▶ REQUIRED WORK
Without including any images, repeat the listing below exactly.

▶ DATA PROVIDED
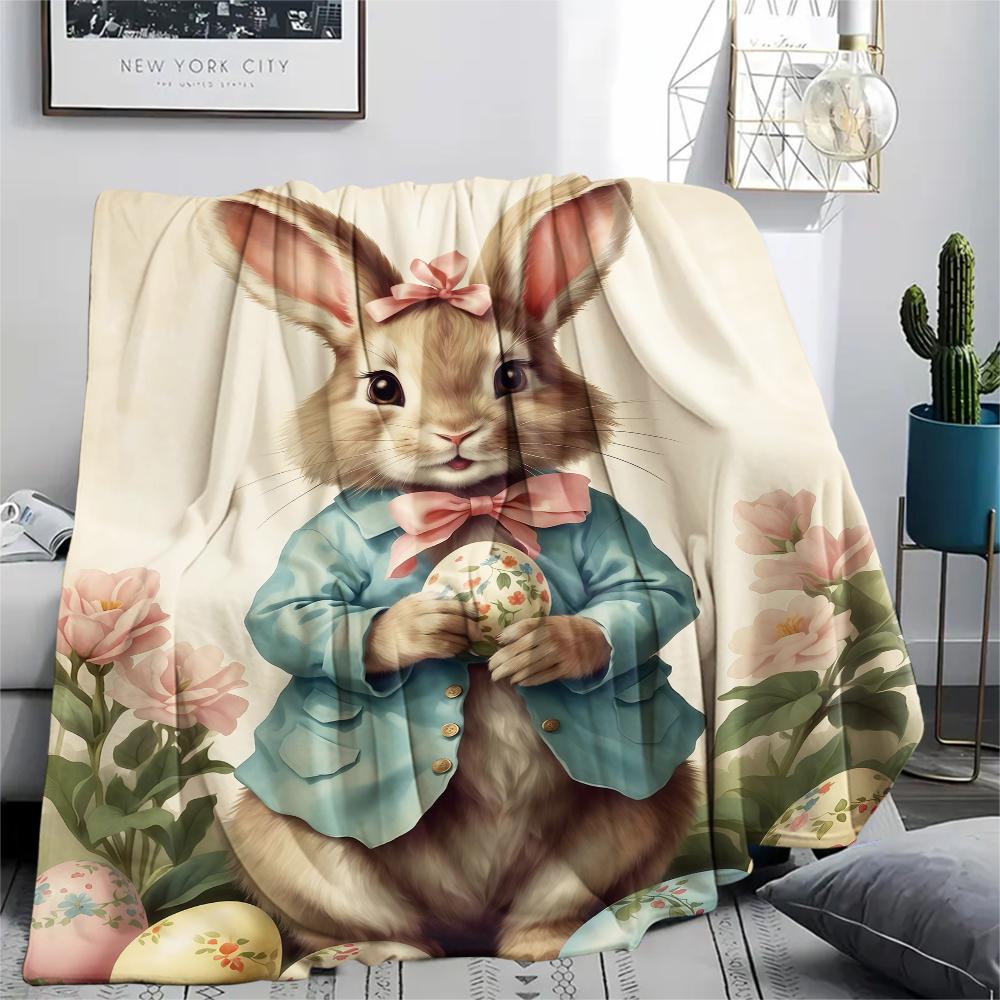 Easter Egg Print Flannel Blanket,High Quality Comfortable for All Seasons,Home Decor,Warmth and Comfort,Perfect for Christmas Gifts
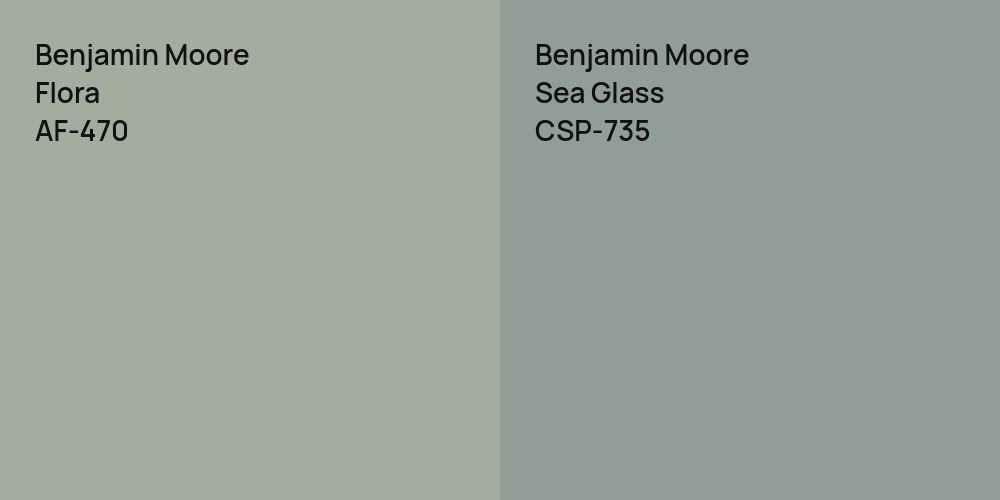 Benjamin Moore Flora vs. Benjamin Moore Sea Glass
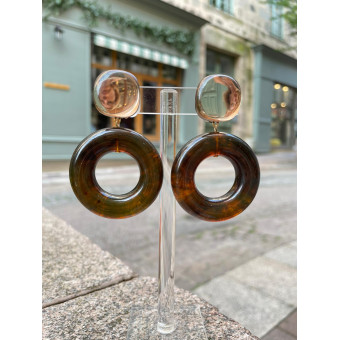 VANILLE marron kaki Cabochon miroir - Francine BRAMLI Paris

▶ RESULT
 Easter Egg Print Flannel Blanket,High Quality Comfortable for All Seasons,Home Decor,Warmth and Comfort,Perfect for Christmas Gifts
 Benjamin Moore Flora vs. Benjamin Moore Sea Glass
 VANILLE marron kaki Cabochon miroir - Francine BRAMLI Paris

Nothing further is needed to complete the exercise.